How Are Credit Card Rewards Taxed?

May 18, 2022

For quite some time now there seems to be a lot of confusion around credit card rewards and the taxability of them. Throughout our our Free Facebook Group and Tax Minimization Program we see this topic pop up so we are taking the time to tackle it now!

Before we dig into it, I want to list out different types of credit card rewards we are going to discuss:

  • Frequent Flyer Miles / Points
  • Hotel Points
  • Credit Card Points
  • Cash Back Rewards
  • Cash Rebates
  • Sign-Up Bonus

In most cases, rewards from using a credit card do not need to be reported to the IRS and there is no tax on them. With that being said there are some instances where they may be taxable and we are going to discuss that.

How Are Frequent Flyer Miles, Hotel Points, and Other Credit Card Point Rewards Taxed?

Great news, these are not taxable! Even personal use of business earned miles (or points) are not taxable.

One thing to note is that if you redeem points for business travel, you do not get the cash equivalent value as a business deduction. Example: You trade in 40,000 airline miles for a business trip which is equivalent to $400. You are not able to take a business deduction for the $400 because you did not actually spend that money.

This poses an incredible tax planning opportunity and tip:

  • Never Use Points or Miles for Business Travel
    • Instead take advantage of being able to take a business deduction for business travel and pay outright for it (while also racking up more points).
  • Use Points or Miles from Business Spending for Personal Travel
    • You can then instead save those points or miles for personal use where it is not taxable and you typically wouldn't get any kind of deduction for it anyways!

Example 1: You need to go to Las Vegas to a convention for work. Instead of wasting points on that, pay using your business credit card and get the business deduction for it.

Example 2: You want to take the family to Disney. Take all of those points you have accumulated (from business CC spending) and utilize them to pay for your hotel and airfare for this 100% personal trip.

How Are Cash Back Rewards and Rebates Taxed?

If you receive a cash rebate reward from your credit card company this is not considered taxable income, great news! But wait, do not get too excited yet. Although it is not considered taxable income it does reduce your initial expense (for businesses).

Example: You purchase $1,800 in office supplies using your business credit card and get a 5% cash back rebate on that for $90. That cash rebate would be used to offset your $1,800 expense so instead of get an expense for $1,800 it would be $1,710.

One thing to note is that you do not get tax deductions typically on the personal side so this "disadvantage" doesn't really come into play as much when it relates to your personal credit card.
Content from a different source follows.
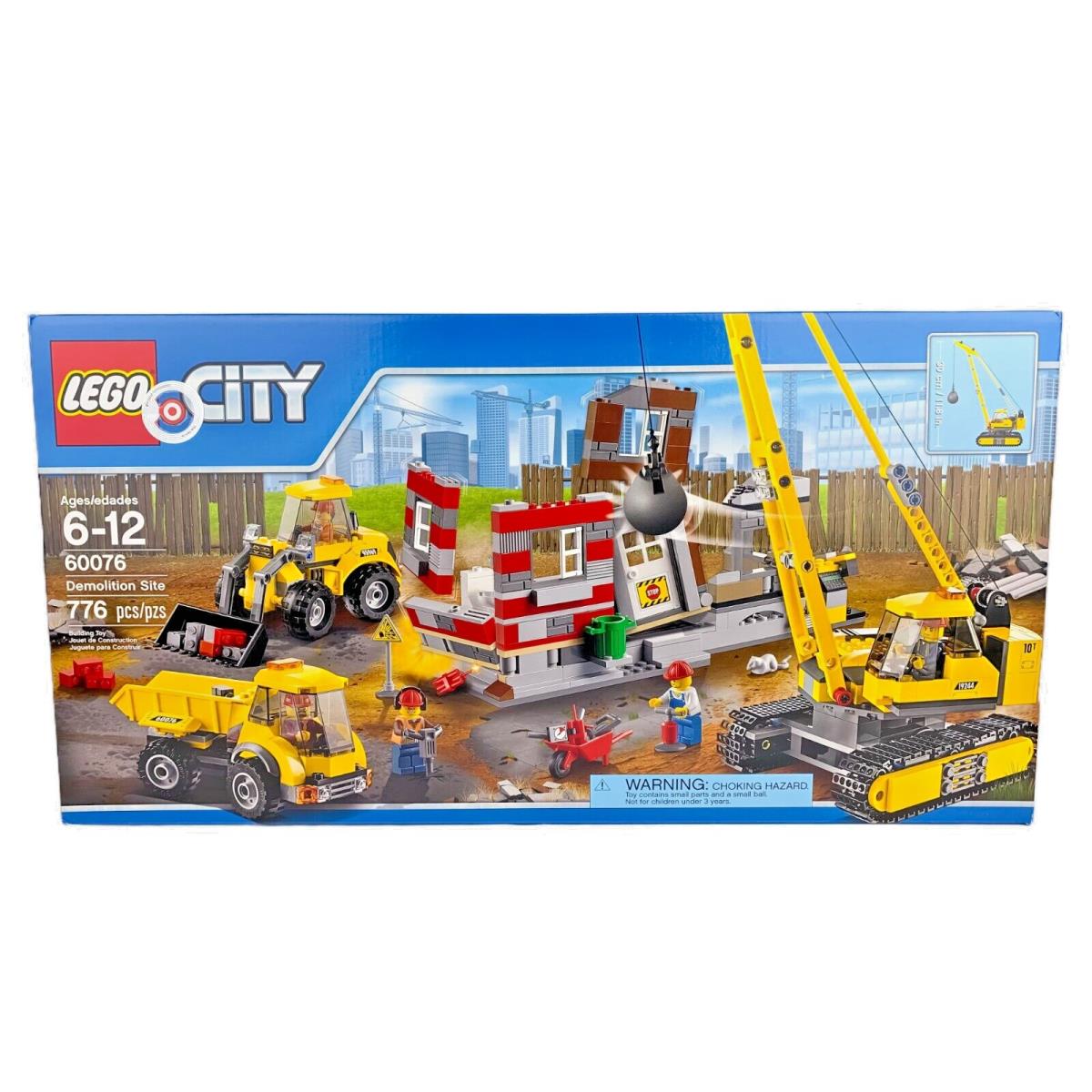 Lego City Demolition Site 60076 Retired 776-Pcs Crane 5 Minifigures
This "disadvantage" on the business side does pose a planning opportunity though:

  • Look For a Business Credit Card Offering Miles or Points vs Cash Back
    • As we discussed above...

How Are Credit Card Sign-Up Bonuses Taxed?
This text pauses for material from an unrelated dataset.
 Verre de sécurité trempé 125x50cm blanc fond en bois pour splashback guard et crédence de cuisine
If you have a requirement to do a certain amount of spending to receive the bonus, these would not be taxable, great news!
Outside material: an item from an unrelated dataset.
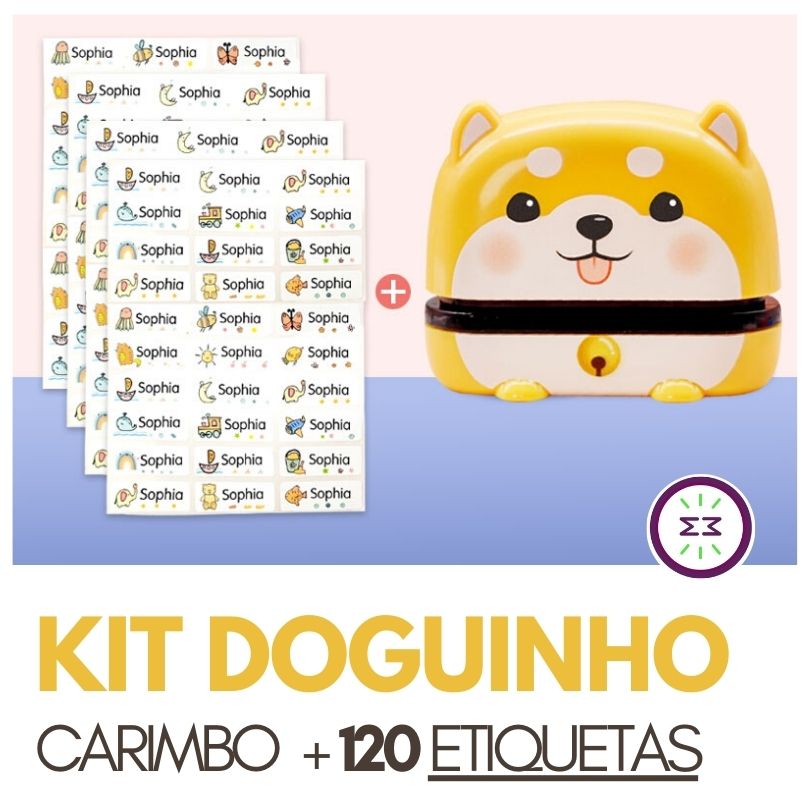 Kit com Carimbo de Roupa Personalizado + 120 Etiquetas Personalizadas - Mãe Compra De Mãe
However, if you receive a bonus simply for opening an account (or referring someone) and nothing else is needed on your end. Then this would likely be considered taxable income to you subject to ordinary income tax rates. If you earn more than $600 via this method you should be receiving a 1099 from your credit card company.

It is also important to know that a no strings attached (no spending necessary) bonus you received does not include just cash to be considered taxable. It could be miles, event tickets, etc.

This is very likely why you see most credit card companies tie their bonuses to a spending requirement as it not only helps them but it also helps you because then the bonus is no longer taxable due to your spending requirement.

What Happens If I Donate Credit Card Cash Rewards/Rebates to Charity?

Here is a cool tax planning trick. You can donate your credit card cash rebates or rewards to a charity and you still receive a charitable deduction for it. It is not taxable income to you and you also get a charitable deduction, how sweet is that?

If the cash reward is $250 or more the charity must substantiate the donation with a written acknowledgement. Be sure to grab this from them if necessary.

Credit Card Rewards Summary

  • Generally, credit card rewards are not taxable.
  • Personal use of points or miles earned on a business credit card are not taxable.
  • Avoid using points or miles for business travel, instead pay for that in the business and get the tax deduction, and then utilize any points earned for personal travel (where you would not traditionally get a tax deduction either way).
  • Cash back or cash rewards are not taxable but if you are redeeming them in a business they do offset the initial expense you took.
  • Sign-up bonuses are not taxable if there is a spending requirement but if you get them simply for signing up and nothing else, they likely are taxable.
  • Referral bonuses typically will be taxable.
  • You can donate cash rewards/rebates to charity and still get a charitable deduction.